Insider Trading & Regulation
A legal framework established in Dirks v. SEC that defines an insider as someone owing a fiduciary duty to the corporation and its shareholders, distinguishing liability based on whether the tipper received a personal benefit from disclosure.
The Classical Insider Theory, anchored in the Supreme Court's landmark 1983 Dirks v. SEC decision, establishes that liability under Rule 10b-5 and Section 16 attaches only when an insider breaches a fiduciary or similar duty of trust and confidence owed to the issuer and its shareholders. Under the Dirks test, a tipper violates securities law only if the tipper personally benefits, directly or indirectly, from the disclosure of material nonpublic information. Personal benefit includes financial gain, reputational benefit, or access to information reciprocity. Tippees become liable if they knew or should have known that the tipper breached a duty and received a personal benefit.

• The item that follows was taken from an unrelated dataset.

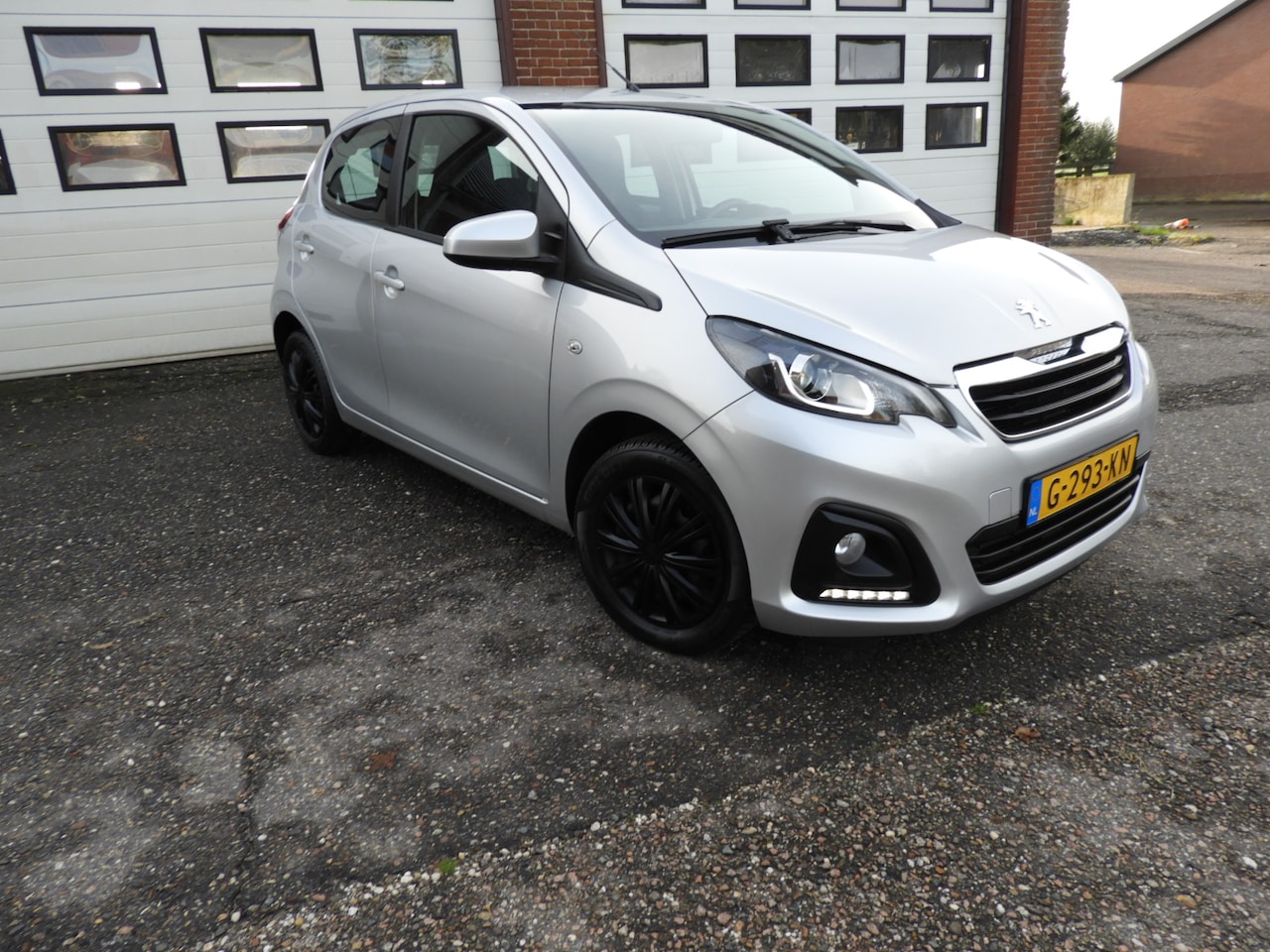 Peugeot 108 - 1.0 e-VTi Active - AutoWereld.nl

In quantitative insider-trading compliance and surveillance platforms, the Dirks test serves as the legal boundary for classifying trading signals and tipping networks. The framework requires platforms to assess not merely the fact of information flow but the intent and personal benefit structure underlying the disclosure. Scoring systems must distinguish between legitimate mosaic theory research, where analysts synthesize public information, and classical insider violations involving breached fiduciary duties. This distinction is critical for calibrating insider-activity concentration metrics and signal persistence across trading accounts linked to issuer personnel, board members, and service providers.